Atualmente, 3.103 empresas se encaixariam nesse perfil. Parte já está engajada com o desenvolvimento sustentável e o aprimoramento de práticas ESG. Com o crescimento da oferta dos créditos de carbono, o governo espera que o escopo da parte demandante aumente.

Na avaliação do governo federal, as maiores empresas de vários setores já têm iniciativas para redução de emissão equivalente. A iniciativa para o mercado de carbono, nesse ponto, funcionaria como um imposto sobre grandes fortunas em que o serviço de transferência de renda é trocado pela sustentabilidade entregue pelas companhias mais poderosas, sem pagamento em dinheiro efetivamente.

Um projeto nessa linha está em fase de testes no Brasil. A FS Bioenergia, maior produtora de etanol de milho do país, está investindo mais de R$ 300 milhões para “limpar” a fumaça branca que sai diariamente das chaminés da planta em Lucas do Rio Verde (MT) a partir da fermentação da levedura do cereal para produção do biocombustível.
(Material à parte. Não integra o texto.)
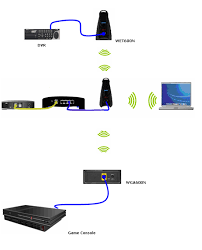 Linksys Official Support Differentiating The 5 Ghz And 2 4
O projeto, batizado nesse segmento de BECCS (processos de captura de carbono gerado por fontes renováveis), consiste na captura e transformação do dióxido de carbono emitido durante a produção do etanol de milho por meio da compressão. O objetivo é chegar a um produto químico no estado de fluído supercrítico que será enterrado no subsolo, a quase dois quilômetros de profundidade, abaixo de uma camada de rochas, onde ficará estocado ao invés de ser liberado na atmosfera. A FS informou que o projeto “está em fase de testes de perfuração de solo para iniciar os testes de injeção”.
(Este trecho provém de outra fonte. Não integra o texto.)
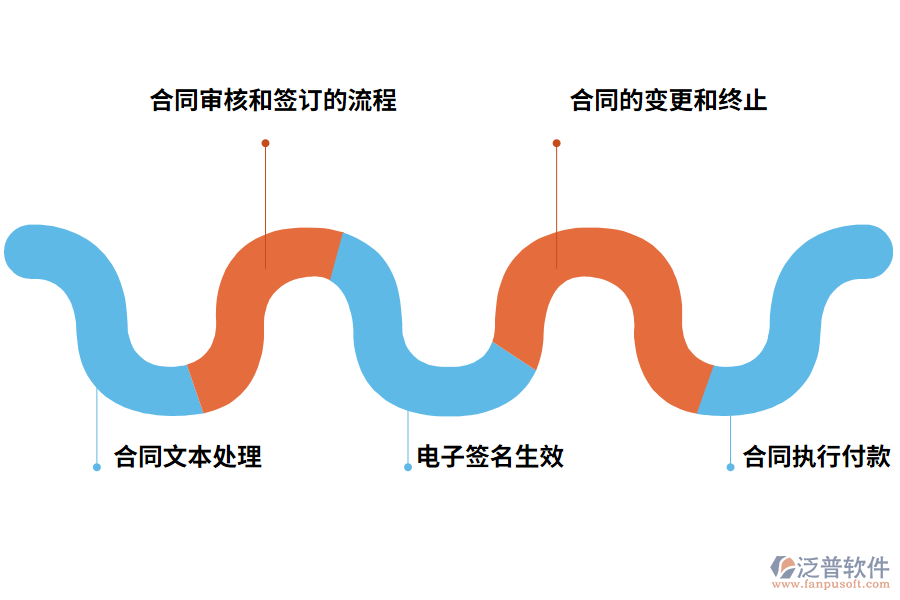 合同項(xiàng)目管理系統(tǒng)平臺(tái)的作用有哪些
Consultado, o MDIC não confirma uma priorização do CCS no projeto de regulação. A Pasta disse que a definição da tipologia dos projetos que serão aceitos no mercado regulado, se de captura e estocagem ou de mitigação e redução, será feita na regulamentação infralegal do tema, que só será editada após a aprovação da lei.

Segundo o ministério, a discussão da proposta se encaminha para possibilitar o uso de offsets, ou seja, que os créditos de carbono gerados de forma voluntária sejam usados no mercado regulado, o que demandará regulamentação específica sobre o nível máximo de utilização desse mecanismo.

O ministério respondeu que a proposta para a criação do Sistema Brasileiro de Comércio de Emissões (SBCE) se baseia no modelo “Cap and Trade”, utilizado em vários países e no Sistema de Comércio de Emissões da União Europeia. “A proposta é de que seja estabelecido um limite máximo de emissões de GEE para o conjunto das entidades reguladas e, a partir desse limite, serão emitidas licenças ou cotas de emissão, que poderão ser negociadas no mercado de carbono brasileiro”, respondeu o MDIC.